**TASK STATEMENT**
If pictures are present, leave them out, and copy the data word for word.

**GIVEN INFORMATION**
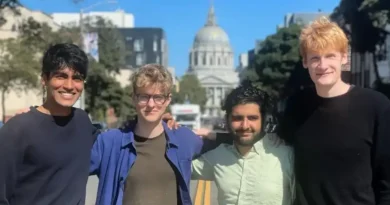 Inside the AI startup Elon Musk is betting $60 billion on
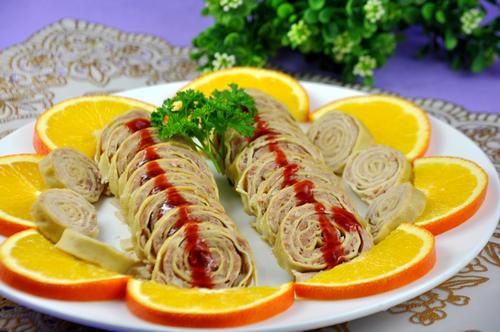 ����Ƥ�����������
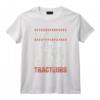 Fermier Shirt Homme Tracteur Cadeaux Garcon Agriculteurs T-Shirt - Vintage pour Passionnés de la Ferme et des Animaux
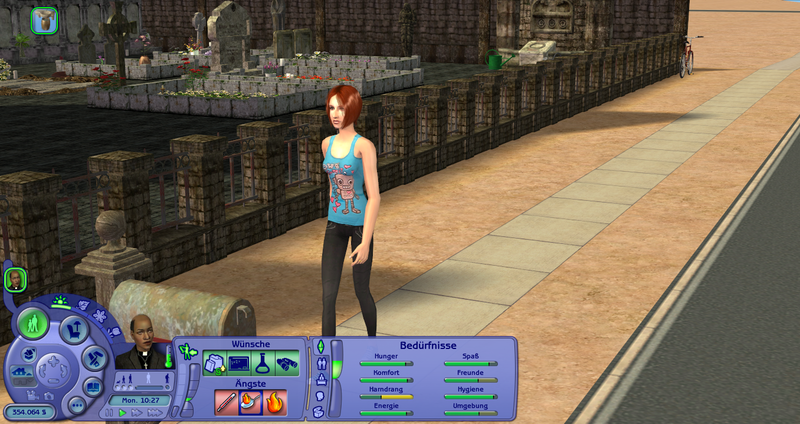 Sims2EP5%202015-09-08%2020-06-50-12_zpsdcuosw7l.png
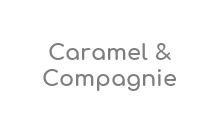 Code Promo Caramel & Compagnie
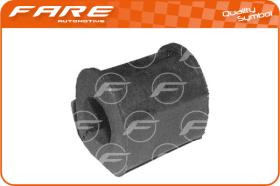 Fare 0469 - PRODUCTO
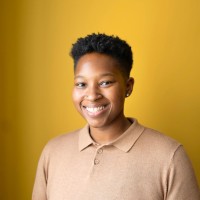 Viesha Andrews Email & Phone Number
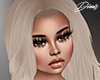 Rosa l Blonde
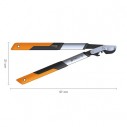 Fiskars Lopper Bypass S LX92 troncarami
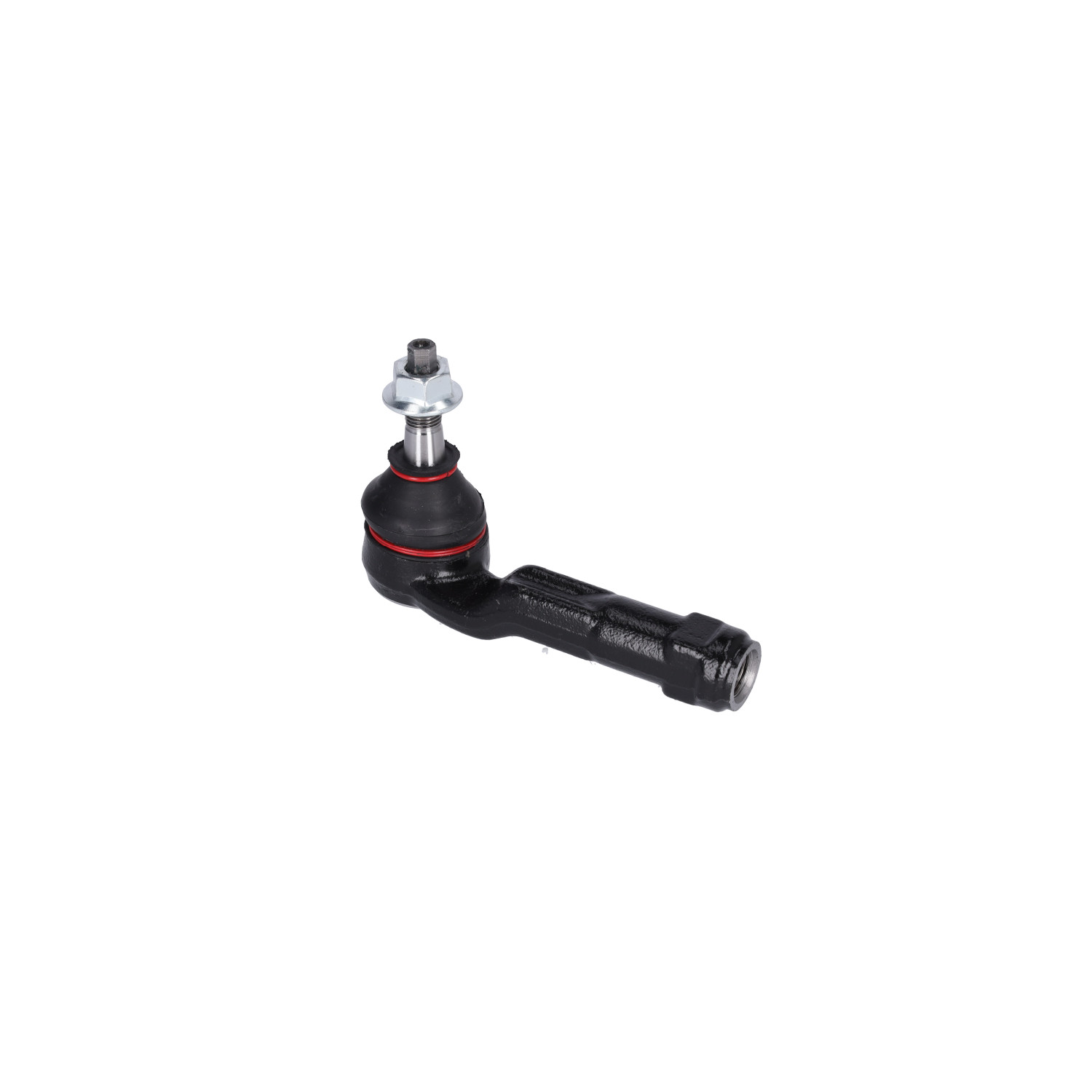 FEBI BILSTEIN Rotule de direction (180977) pour HYUNDAI Veloster (JS, JSN) 1.6 T-GDi (150 KW / 204 CH / de 2018)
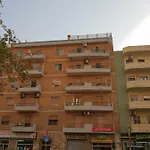 Sardegna Relax Attic Apartamento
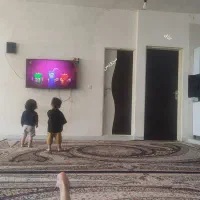 خانه اجاره ای|اجارهٔ خانه و ویلا|کوهدشت, |دیوار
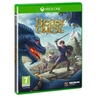 Image de Beast Quest Xbox One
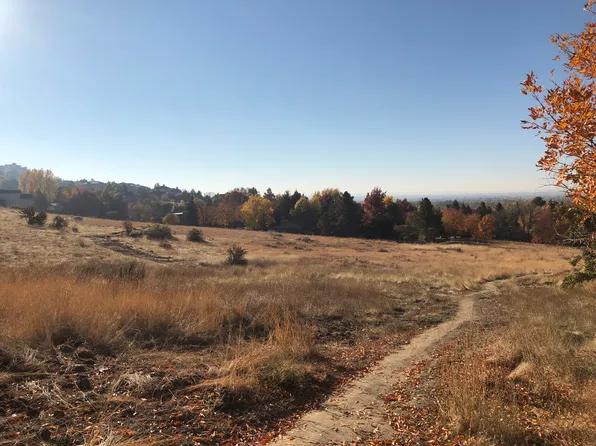 1745 E Ridgecrest Dr, Boise, ID 83712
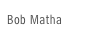 Bob Matha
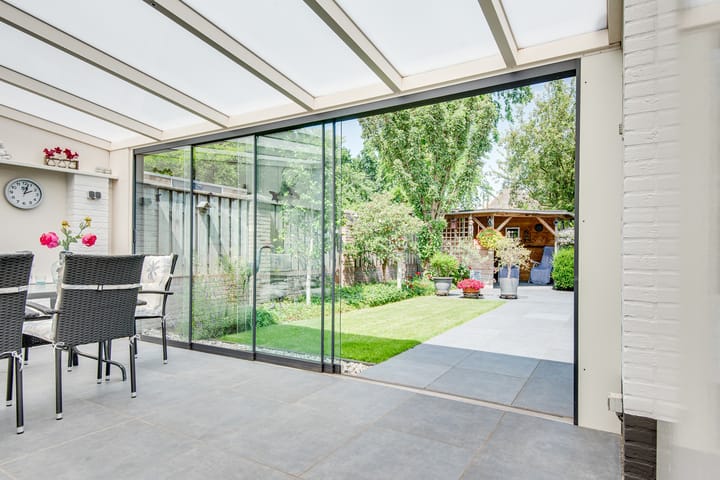 Foto 3 van Abt van de Venstraat 22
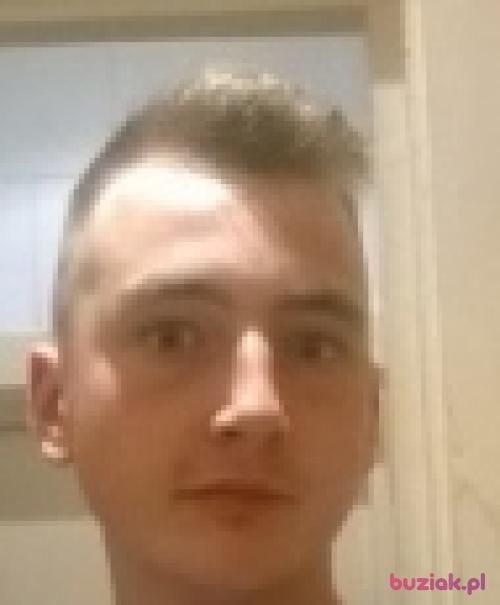 WypasIony, Mężczyzna, 28 lat, Westminster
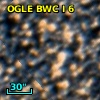 OGLE BWC   I      6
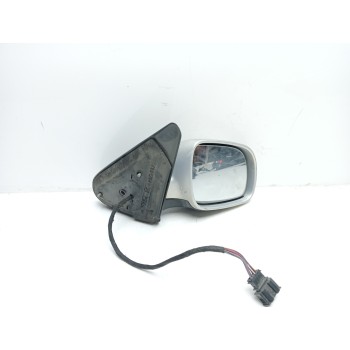 RETROVISOR DERECHO 1M0857934RE 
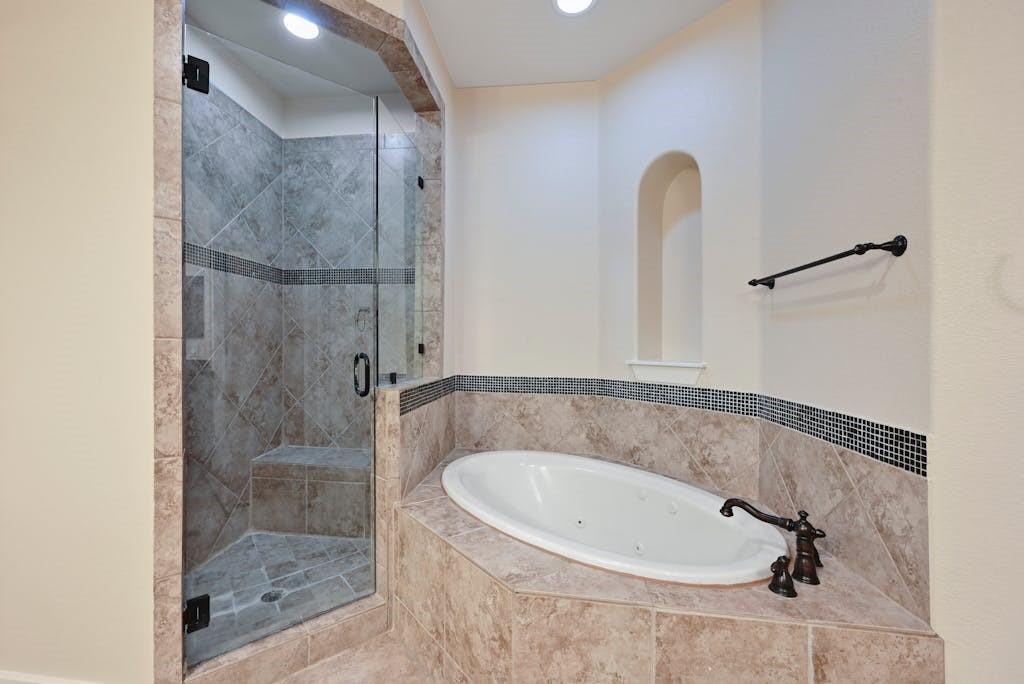 1036 Liberty Park Dr # 52B, Austin, TX 78746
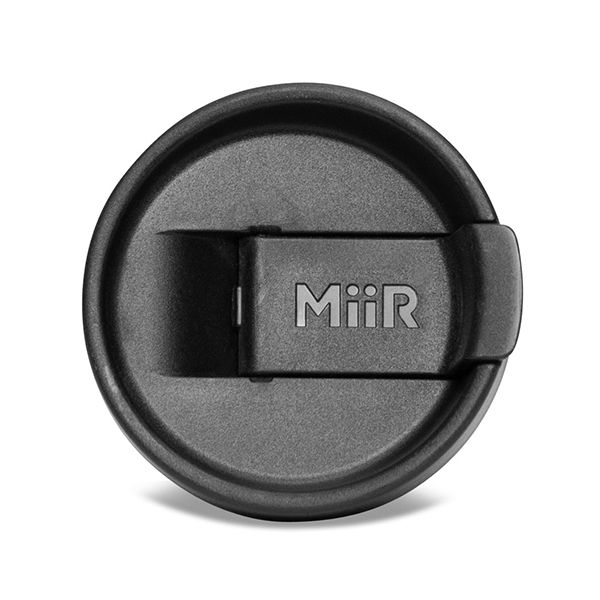 MiiR Flip Traveler - Image 10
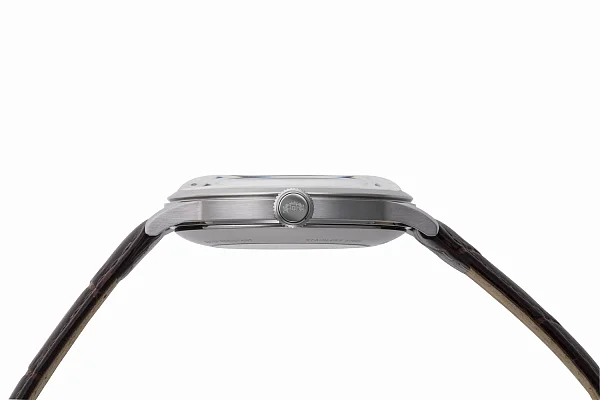 Orient Gent Automatic Classic Small Second RA-AP0002S30B
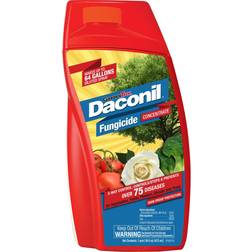 GardenTech Daconil Concentrated Liquid Fungicide 16
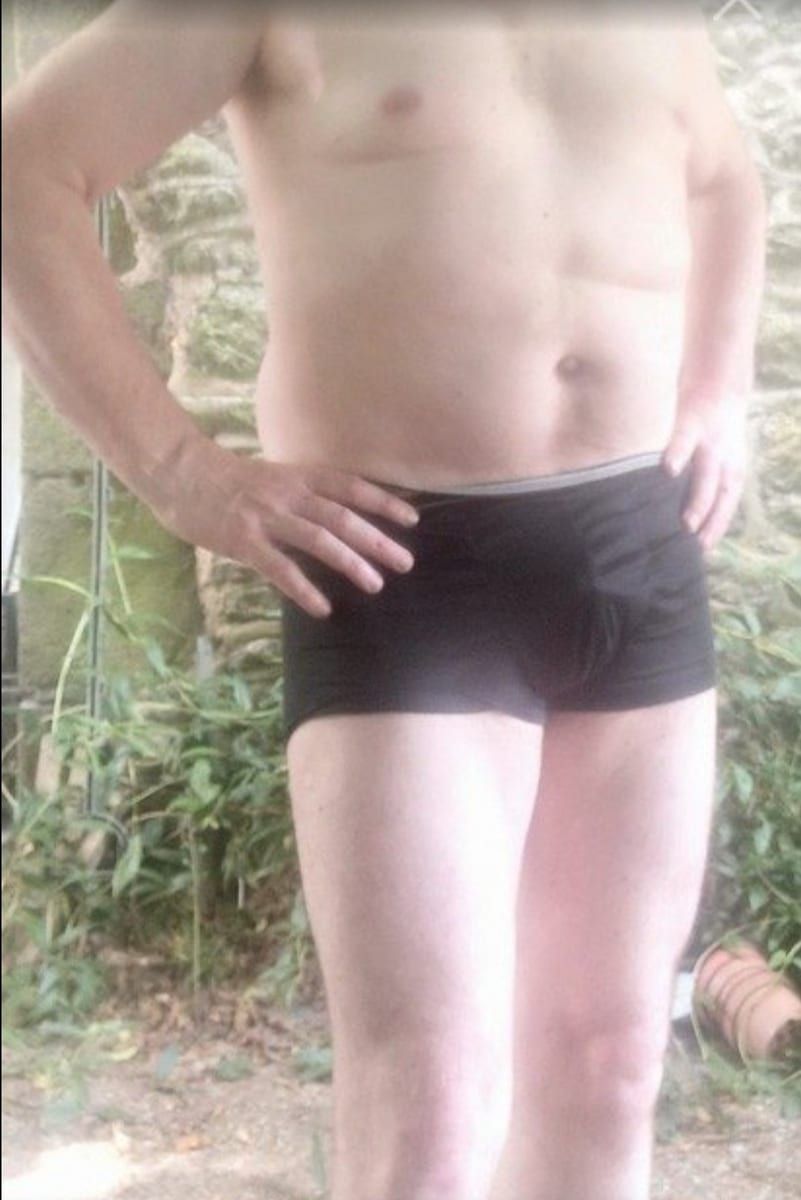 Jac - Gay in Damscheid Profil von Jac, 31 Jahre, Gay in Damscheid (Rheinland-Pfalz)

**RESULT OF THE EXERCISE**
 Inside the AI startup Elon Musk is betting $60 billion on
 ����Ƥ�����������
 Fermier Shirt Homme Tracteur Cadeaux Garcon Agriculteurs T-Shirt - Vintage pour Passionnés de la Ferme et des Animaux
 Sims2EP5%202015-09-08%2020-06-50-12_zpsdcuosw7l.png
 Code Promo Caramel & Compagnie
 Fare 0469 - PRODUCTO
 Viesha Andrews Email & Phone Number
 Rosa l Blonde
 Fiskars Lopper Bypass S LX92 troncarami
 FEBI BILSTEIN Rotule de direction (180977) pour HYUNDAI Veloster (JS, JSN) 1.6 T-GDi (150 KW / 204 CH / de 2018)
 Sardegna Relax Attic Apartamento
 خانه اجاره ای|اجارهٔ خانه و ویلا|کوهدشت, |دیوار
 Image de Beast Quest Xbox One
 1745 E Ridgecrest Dr, Boise, ID 83712
 Bob Matha
 Foto 3 van Abt van de Venstraat 22
 WypasIony, Mężczyzna, 28 lat, Westminster
 OGLE BWC   I      6
 RETROVISOR DERECHO 1M0857934RE 
 1036 Liberty Park Dr # 52B, Austin, TX 78746
 MiiR Flip Traveler - Image 10
 Orient Gent Automatic Classic Small Second RA-AP0002S30B
 GardenTech Daconil Concentrated Liquid Fungicide 16
 Jac - Gay in Damscheid Profil von Jac, 31 Jahre, Gay in Damscheid (Rheinland-Pfalz)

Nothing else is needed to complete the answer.